4th Battalion Seaforth Highlanders

This photo in the form of a post card was sent to Mr. R. Welsh, 28 Grafton Street, Glasgow, by one of the men in who posed for the picture. He was a member of the 4th Battalion Seaforth Highlanders and was billeted at 24, De Parys Avenue (24, De Parys Avenue is located directly opposite the entrance to Burnaby Road). The message on the back of the card reads:

"24 de Parys Avenue
H Coy 4th Seaforth Highlanders Bedford -12.9.14
Dear Bob,
Getting here A1, no word of shifting yet.
We are having inoculations against typhoid fever today. Kind of vaccination business.
This photo is taken outside the empty house we stayed in. Each Co. (this is some of them) is about 100 strong now.
Piles of recruits have joined us from London and Bedford. Bn. is 30 men over strength now.
How is Jock getting on? He will be starting shortly.
Good luck,

(Photo: Bedford and Luton Archives and Records Service)

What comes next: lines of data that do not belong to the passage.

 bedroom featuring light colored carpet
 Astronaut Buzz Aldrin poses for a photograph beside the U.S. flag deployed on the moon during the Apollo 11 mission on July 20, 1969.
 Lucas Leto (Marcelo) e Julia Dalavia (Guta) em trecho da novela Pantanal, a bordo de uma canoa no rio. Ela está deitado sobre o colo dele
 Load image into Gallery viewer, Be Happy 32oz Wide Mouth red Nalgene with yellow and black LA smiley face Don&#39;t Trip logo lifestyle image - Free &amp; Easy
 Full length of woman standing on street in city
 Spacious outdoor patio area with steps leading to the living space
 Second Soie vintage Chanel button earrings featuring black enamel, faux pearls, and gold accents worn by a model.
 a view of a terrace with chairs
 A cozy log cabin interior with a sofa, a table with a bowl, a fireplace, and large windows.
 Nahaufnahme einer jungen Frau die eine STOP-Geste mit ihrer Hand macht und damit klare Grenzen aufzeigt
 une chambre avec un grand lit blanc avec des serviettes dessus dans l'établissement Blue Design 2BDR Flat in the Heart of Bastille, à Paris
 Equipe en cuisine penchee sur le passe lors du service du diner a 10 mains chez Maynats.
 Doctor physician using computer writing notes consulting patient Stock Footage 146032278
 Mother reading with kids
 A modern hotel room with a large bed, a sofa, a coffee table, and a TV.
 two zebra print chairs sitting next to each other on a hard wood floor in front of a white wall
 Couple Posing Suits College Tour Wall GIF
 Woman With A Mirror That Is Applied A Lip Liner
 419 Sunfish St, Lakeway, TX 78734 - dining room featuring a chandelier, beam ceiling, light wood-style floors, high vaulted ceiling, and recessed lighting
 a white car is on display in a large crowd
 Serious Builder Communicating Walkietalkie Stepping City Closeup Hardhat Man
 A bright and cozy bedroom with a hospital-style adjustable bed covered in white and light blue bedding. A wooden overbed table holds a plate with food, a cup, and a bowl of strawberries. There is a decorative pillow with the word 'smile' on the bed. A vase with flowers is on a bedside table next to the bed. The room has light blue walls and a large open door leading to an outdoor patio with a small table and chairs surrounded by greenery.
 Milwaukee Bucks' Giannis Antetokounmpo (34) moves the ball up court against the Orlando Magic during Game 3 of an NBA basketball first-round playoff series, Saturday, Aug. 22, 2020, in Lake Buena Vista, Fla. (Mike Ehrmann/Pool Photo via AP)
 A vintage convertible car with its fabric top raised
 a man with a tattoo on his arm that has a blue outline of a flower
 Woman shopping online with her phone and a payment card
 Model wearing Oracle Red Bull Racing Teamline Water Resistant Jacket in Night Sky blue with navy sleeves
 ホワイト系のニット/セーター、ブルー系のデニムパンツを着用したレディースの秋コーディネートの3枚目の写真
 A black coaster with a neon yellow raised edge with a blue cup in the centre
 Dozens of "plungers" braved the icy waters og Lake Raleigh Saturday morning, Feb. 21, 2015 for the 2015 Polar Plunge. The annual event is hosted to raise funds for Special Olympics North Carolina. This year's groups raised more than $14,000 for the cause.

Members of the 6th Seaforth Highlanders

Members of the 6th Seaforth Highlanders outside their billet in the Saints' area of Bedford. A local civilian is included in the group.
(photo: courtesy of Richard Galley)


Sergeant A. Brownson of the  4th Cameron Highlanders.

Sergeant A. Brownson of the 4th Cameron Highlanders. Photographed outside his billet in the Clapham Road area of Bedford, by A. W. Pierce of Nottingham.
In October 1918, Assistant Quartermaster Sergeant A Brownson, Cameron Highlanders was awarded the Distinguished Conduct Medal. The citation for this award reading:
"For conspicuous gallantry and devotion to duty. Though forty-nine years of age and with twenty seven years'service, this N.C.O. has endured the rigours of the campaign for nearly three years at the front, performing his duties, often under difficult and dangerous conditions, with a zeal and ability worthy of the highest praise. He has never failed to deliver personally the stores and rations to the Brigade, when in the front line, frequently under very heavy fire, during some of the hardest fighting of the war. His devotion to duty has been a very fine example."
(photo: courtesy of Richard Galley)


Gordon Higlanders on Spenser Road.

Gordon Highlanders photographed outside 17, Spenser Road, Bedford. This photograph is in the collection of Mr. Christopher Macdonald whose grandfather was a member of the 4th Gordon Highlanders.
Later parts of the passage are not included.